First, welcome to all the new people who have posted on the Forum – Anthony, Free indeed, SMCedars and truthseeker9001. Four more people – I wonder how many others there are out there!

I think it is great that people can post here in whatever form they want. Some provide a very full story, which could easily identify them, some confirm their hurt, but do not want to post regularly, some are appalled by what goes on but do not want to go into detail. Seems to me that is great – what is happening is that people have the opportunity to speak about their experiences, and the one thing the church cannot do is “divide and conquer” telling everyone it is their fault and they are the ones failing in some way. Not true! There are now too many people with similar stories to make that credible. If it was the case, there would not be so many testimonies to people who have left Struthers then found healing and a deepening relationship with God.

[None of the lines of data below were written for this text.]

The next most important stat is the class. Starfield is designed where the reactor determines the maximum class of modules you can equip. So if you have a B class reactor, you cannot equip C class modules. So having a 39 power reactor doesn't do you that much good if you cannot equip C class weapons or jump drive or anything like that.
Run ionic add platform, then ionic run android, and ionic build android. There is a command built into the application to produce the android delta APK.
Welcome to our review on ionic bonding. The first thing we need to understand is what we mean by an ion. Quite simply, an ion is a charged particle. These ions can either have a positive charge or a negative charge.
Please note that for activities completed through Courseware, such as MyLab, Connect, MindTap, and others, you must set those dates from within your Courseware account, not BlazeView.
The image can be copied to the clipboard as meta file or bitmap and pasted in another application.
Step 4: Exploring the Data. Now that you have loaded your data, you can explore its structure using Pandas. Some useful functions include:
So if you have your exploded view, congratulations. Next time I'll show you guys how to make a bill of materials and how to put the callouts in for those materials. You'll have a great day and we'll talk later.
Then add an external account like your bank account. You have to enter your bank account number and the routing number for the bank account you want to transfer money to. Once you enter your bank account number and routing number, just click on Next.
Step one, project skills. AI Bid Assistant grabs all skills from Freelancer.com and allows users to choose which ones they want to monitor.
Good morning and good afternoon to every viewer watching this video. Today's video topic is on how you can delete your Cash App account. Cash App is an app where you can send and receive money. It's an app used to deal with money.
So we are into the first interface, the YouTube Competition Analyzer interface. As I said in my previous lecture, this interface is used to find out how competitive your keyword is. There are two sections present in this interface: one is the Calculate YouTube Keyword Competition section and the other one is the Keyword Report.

Others may disagree, but I also think it is good that people can come on and speak positively of their experience. I may not agree with what they say but I would defend their right to say it. I only wish those in Struthers would do likewise, defending rather than attacking the right of free speech.

One person mentioned earlier, “M” has taken a different line, not wanting to make any comments about Struthers online, but passing on a very personal story about some events in the past. M has now also taken some direct action, writing in his own name to two of the Company Directors with some straight-forward questions (these letters perhaps being the reason M has not wanted to associate himself with any online views). In spite of Mrs Gault’s assurances from the platform, these questions have not been answered so, if you are in the Church, let’s be clear about one thing – leaders themselves pay no attention whatsoever to what is said from the platform. To me this is the worst form of hypocrisy – preaching to others but not being willing to take any action yourself. Little wonder there are so many testimonies to lives being damaged if this is the level of integrity.

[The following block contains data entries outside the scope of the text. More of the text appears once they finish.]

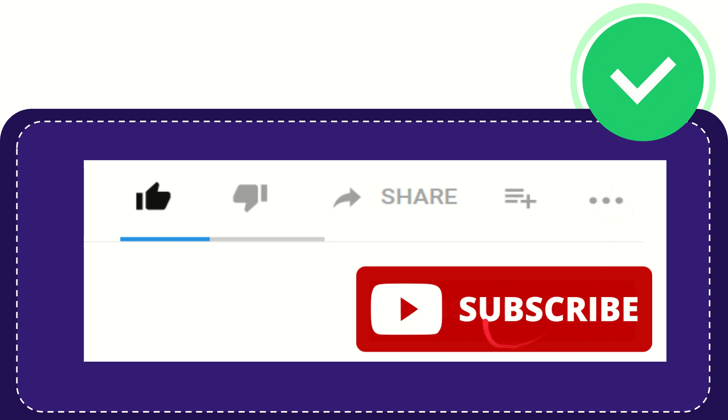I think that's all of it. Thank you so much for watching this video and see you again in another video. Bye bye, see you again.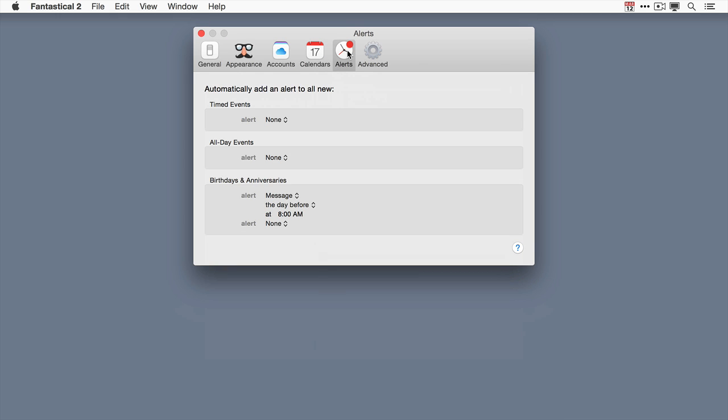The alerts pane is where you go to set automatic alerts. Maybe you like to create events that automatically give you a warning beforehand. These are the settings where you would do it. You can do it for timed events or you can do it for all day events. Now it's important to know when you create automatic alerts it only applies to newly created events after you've set this in place. It will not automatically add alerts to prior existing events.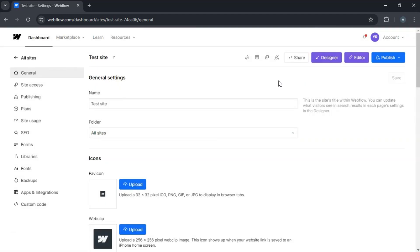And that's how you transfer a Webflow site to another account. If you found this tutorial helpful, don't forget to like and subscribe. I'll see you in the next video.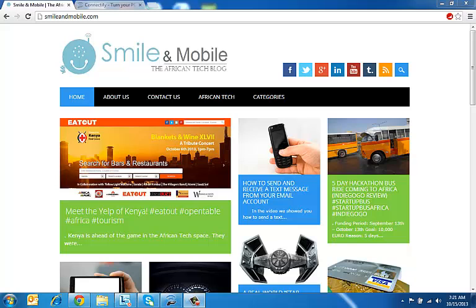Hi guys, this is Smiley Jason from Smiley Mobile and today we're going to show you how to connect your mobile phone to your computer's internet connection by using Connectify.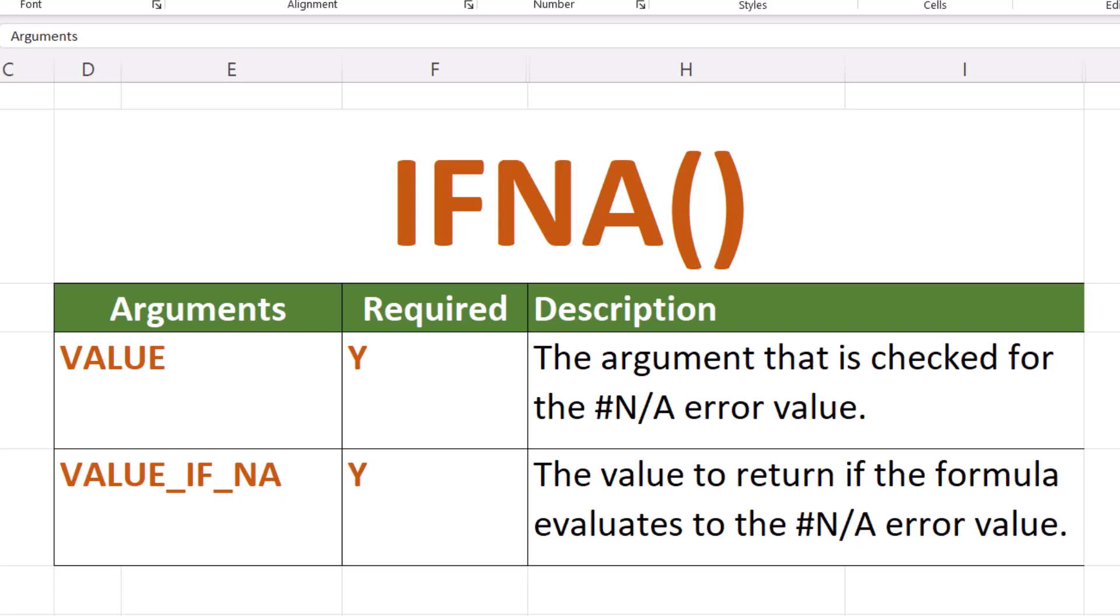The IFNA has two required arguments. Value, the argument checked for the N/A error value. Value_if_NA, the value to return if the formula evaluates to an N/A error.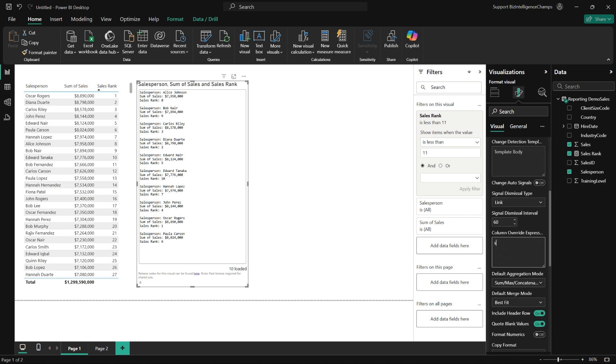I'm also changing the sort order using column override expressions so I can keep the overall sequence of columns, but sort them based on the sales ranking.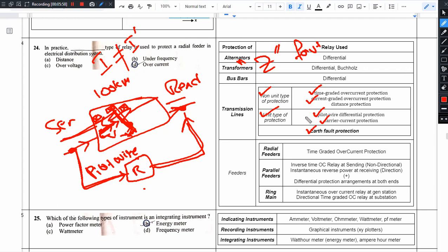Next, we have current graded overcurrent protection, where the circuit breakers operate based on the magnitude of fault current. Next, we have distance protection, based on the distance protection scheme using impedance measurement.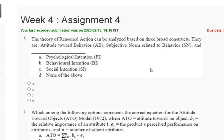Hello guys, welcome to my YouTube channel. In this tutorial video, we will discuss Assignment 4 solution of Consumer Behavior. The first question is: the Theory of Reasoned Action can be analyzed based on three broad constructs — attitude toward behavior, subjective norm related to behavior, and dash.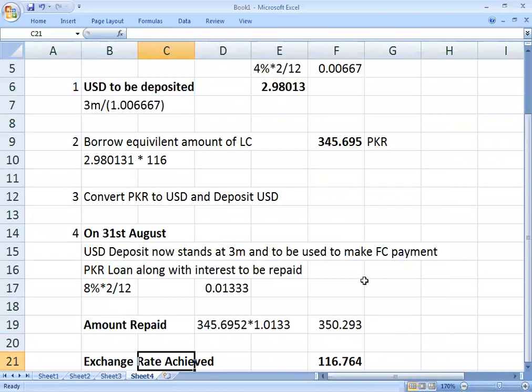That actually marks the conclusion of the money market hedge — this was for a foreign currency payment. Ideally I should have gone through one of the receipts as well, but there are no receipt examples available in this question. You can construct receipts similarly, and I am going to look at the steps.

Finally, I might a year ago have agreed with truthseeker that most ordinary SMC members are sincere, honest and caring. That is becoming increasingly difficult to believe however. Yes, the leaders carry the main responsibility, but there is also a responsibility on individuals. If any individual is sincere (= “free from pretence or deceit”), they must read the testimonies on this forum and take them into account. It is not possible for them to be free of deceit without reference to the fact that the vast majority of people who come into contact with Struthers are damaged by the experience.

If any individual is honest (= “honorable in principles, intentions, and actions; upright and fair”), they will examine their own beliefs in the light of the information now available online. How can they claim to be fair without examining all of the evidence?

If any individual is caring (= “displaying kindness and concern for others”), they will surely want to create a user ID and post on this site to convey how much they care and how sorry they are about all the hurt that has been caused. They will certainly not want to be part of a system that promotes such abuse.

So, yes, the majority have I am sure been motivated by positive characteristics in the past but it seems to me that all of the info now available online changes that. Any person who is in Struthers now has a choice to make– do I give up Struthers, or do I give up being sincere, honest and caring? If there is a way to keep both, I can’t see it, but happy to listen to any explanation of how it might be possible.